Abstract
Flavin adenine dinucleotide (FAD) is an important cofactor in many light-sensitive enzymes. The role of the adenine moiety of FAD in light-induced electron transfer was obscured, because it involves an adenine radical, which is short-lived with a weak chromophore. However, an intramolecular electron transfer from adenine to flavin was revealed several years ago by RobertKaptein by using chemically induced dynamic nuclear polarization (CIDNP). The question of whether one or two types of biradicals of FAD in aqueous solution are formed stays unresolved so far. In the present work, we revisited the CIDNP study of FAD using a robust mechanical sample shuttling setup covering a wide magnetic field range with sample illumination by a light-emitting diode. Also, a cost efficient fast field cycling apparatus with high spectral resolution detection up to 16.4 T for nuclear magnetic relaxation dispersion studies was built based on a 700 MHz NMR spectrometer. Site-specific proton relaxation dispersion data for FAD show a strong restriction of the relative motion of its isoalloxazine and adenine rings with coincident correlation times for adenine, flavin, and their ribityl phosphate linker. This finding is consistent with the assumption that the molecular structure of FAD is rigid and compact. The structure with close proximity of the isoalloxazine and purine moieties is favorable for reversible light-induced intramolecular electron transfer from adenine to triplet excited flavin with formation of a transient spin-correlated triplet biradical F-A. Spin-selective recombination of the biradical leads to the formation of CIDNP with a common emissive maximum at 4.0 mT detected for adenine and flavin protons.
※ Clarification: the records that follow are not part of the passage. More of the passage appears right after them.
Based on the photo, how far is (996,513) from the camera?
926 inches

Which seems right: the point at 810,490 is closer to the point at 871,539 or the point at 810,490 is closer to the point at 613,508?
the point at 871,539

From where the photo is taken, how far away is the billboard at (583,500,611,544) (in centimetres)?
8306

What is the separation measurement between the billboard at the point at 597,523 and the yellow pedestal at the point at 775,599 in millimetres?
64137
Careful correction of the CIDNP data for relaxation losses during sample shuttling shows that only a single maximum of CIDNP is formed in the magnetic field range from 0.1 mT to 9 T; thus, only one type of FAD biradical is detectable. Modeling of the CIDNP field dependence provides good agreement with the experimental data for a normal distance distribution between the two radical centers around 0.89 nm and an effective electron exchange interaction of 2.0 mT.
Highlights
Flavins play an important role as coenzymes in various biological systems and have been studied extensively
Nuclear magnetic relaxation dispersion (NMRD) experiments were run with 4.4 mM Flavin adenine dinucleotide (FAD) solution in D2O, pH 3.9, using a 700 MHz Bruker Avance III HD NMR spectrometer equipped with a TXI probe and a home-made fast field cycling add-on, similar to the one which has been built earlier (Zhukov et al, 2018)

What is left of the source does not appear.